• Data segment:
* * *

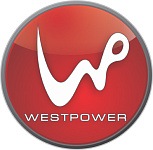 Официальный сайт студии Westpower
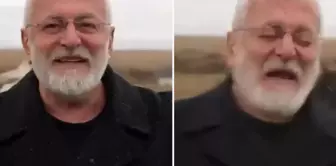 Онура Акыны во время съемок клипа сбил конь.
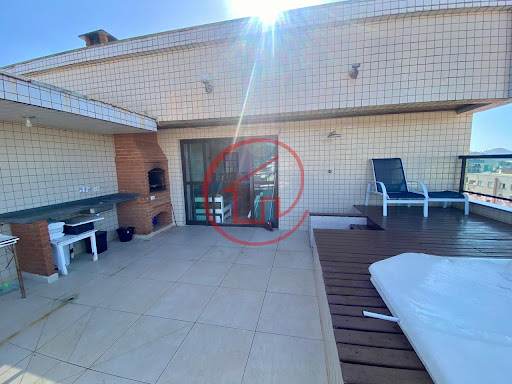 FOTO_1 - 1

* * *

• Problem statement: Quote verbatim the final run of lines in the material above, from the line that contains "Онура Акыны во время съемок клипа сбил конь." through the very last line, excluding any pictures.

• Exercise result:
 Онура Акыны во время съемок клипа сбил конь.
 FOTO_1 - 1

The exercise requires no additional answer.